Noel Coward’s Cavalcade

(30 December 1933)


From The Militant, Vol. VI No. 57, 30 December 1933, p. 3.
Transcribed & marked up by Einde O’Callaghan for the Encyclopaedia of Trotskyism On-Line (ETOL).


As movies go Noel Coward’s Cavalcade is an old picture. Fox turned it out almost a year ago. The thing got so much publicity, and was talked about by so many people we got curious about it. And we figured that workers felt the same way about it. So we went to see it.

This is what we found: a story which begins in the Victorian era in England and takes us through to 1933. In a way it is a love story. But it is a much more ambitious production than a mere tale of heart beats. The producers think, no doubt, that they have made a faithful chronicle of an epoch that has passed into history and truthfully recorded the life of a generation.

Let us take them on their own terms. What do they tell us about these years and the people who move across the screen? The central figures, man and wife, who are happily married ten years at the opening of the picture, obviously belong to the upper class. They live in a big house, have servants, and move in elite circles. The source of their income is not even indicated. A sordid detail in a story of love that endures through the ages!

The war against the Boers separates them for a time. In the elaborate scenes of the fervor that overtakes every patriotic British citizen the producers who are, no doubt, opposed to propaganda in the movies have an opportunity to tell us the truth about the brutal course that empire treads. Do they? Not a bit. The war is only an incident in the love life of four people.

Do men die in the brush? Are Boers murdered to establish Britannia’s might? These are unimportant details, are not mentioned in polite society. But our hero comes back at the head of his troop, safe and sound, very much in love with his wife, and is knighted.

The queen dies and everybody dresses in black. This signalizes the close of the Victorian era. The world moves on. The butler and his wife, the maid, leave to open a pub. The children grow up. The butler turns out to be a drunkard who dies in a street accident.

The elder son goes down with his bride on the Titanic on their honeymoon. The World War comes. Father and son do their duty. The latter falls in love with the daughter of the dead butler. She is now a famous musical comedy dancer.

The girl’s mother goes round to see the boy’s mother about the affair. Servant confronts mistress. The mistress is still the same courteous, kindly, sweet woman she has always been toward her servants. But the former maid; she dresses ridiculously and put on airs. Her pretensions of equality are so much vulgarity. Oh, the lower orders! Unworthy wretches, drunkards, ungrateful, offensive. They don’t know that quality is inborn.

It is armistice day. The painful interview between mistress and former servant is terminated by a telegram announcing the death of the boy. The girl becomes a night club blues singer. Her mother disappears from the chronicle.

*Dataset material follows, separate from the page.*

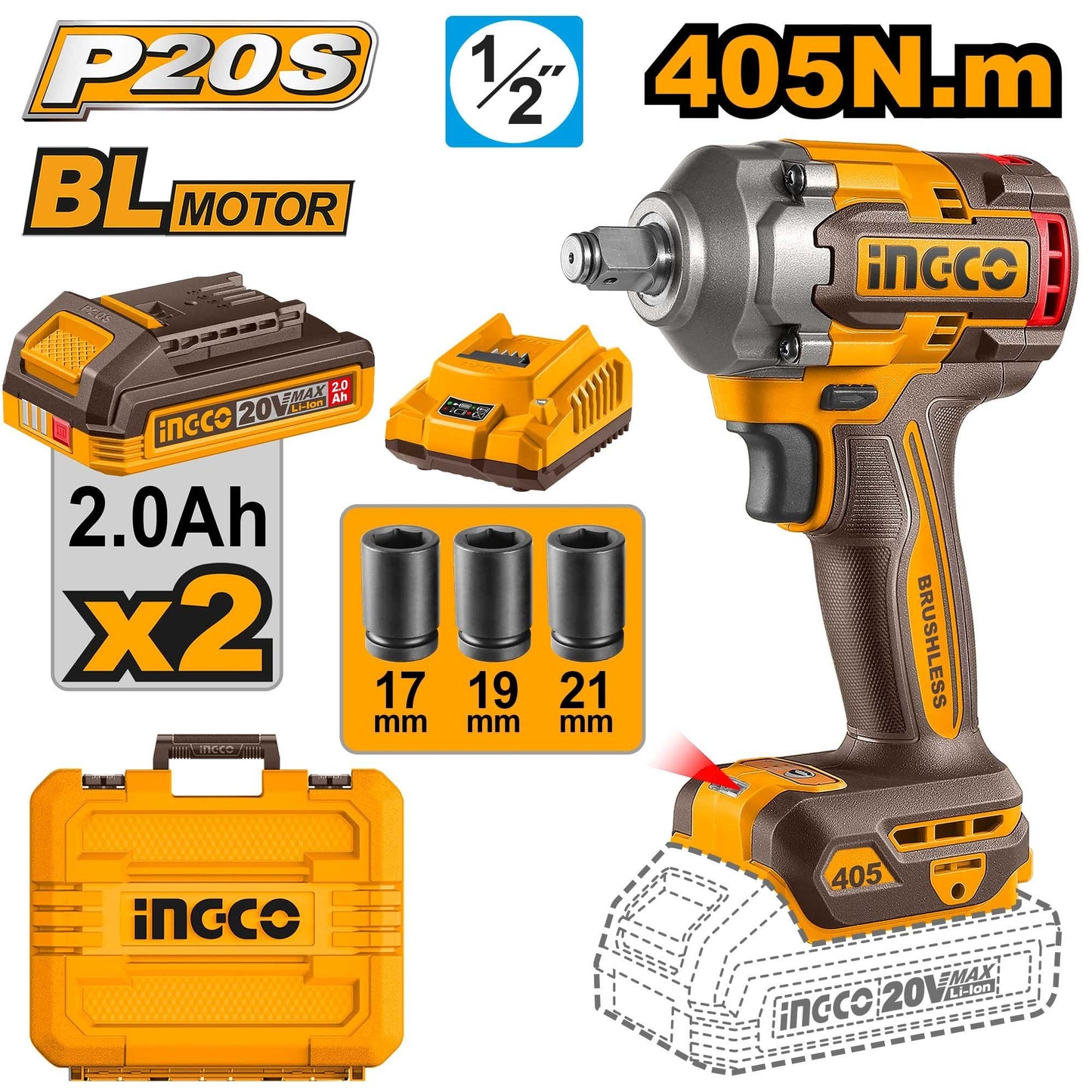 INGCO BOULONNEUSE 20V 405N.M + 2BATT AU MAROC [CIWLI2045]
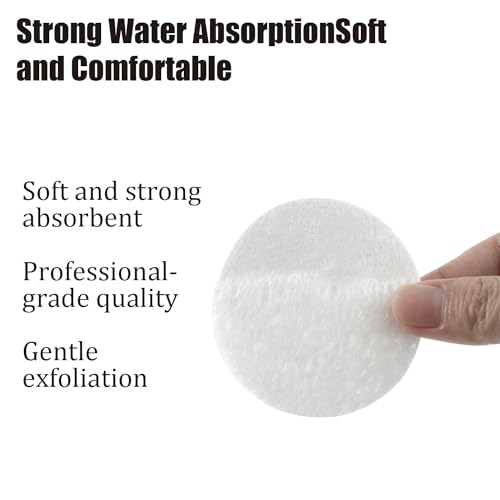 100-Count Facial Sponges Compressed Natural Cellulose Sponge Round Shape Face Sponge for Face Cleansing Exfoliating and Makeup Removal, White - color: 100- Pack White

Come crises, revolutions. The world moves at a faster tempo. It is restless, nervous – the twentieth century is full blast. But the old house – it is still the same. Nothing changes here; not custom, not the very furniture (only the curtains are changed one week before the close), and certainly not the people in it. At the end as in the beginning they have each other; they are still in love; that counts more than all else in the world.

Is there a moral to this story? You bet. Old virtues are the best. Just how to the line of bourgeois morality and the world will muddle through somehow. It is not your business to remake the world. Just look at the butler; he was not satisfied with his station in life and kindly treatment. He tried to remake his world and he came to an untimely end. Do your duty; be content with your lot; love your wife! It is written – by Noel Coward and Fox.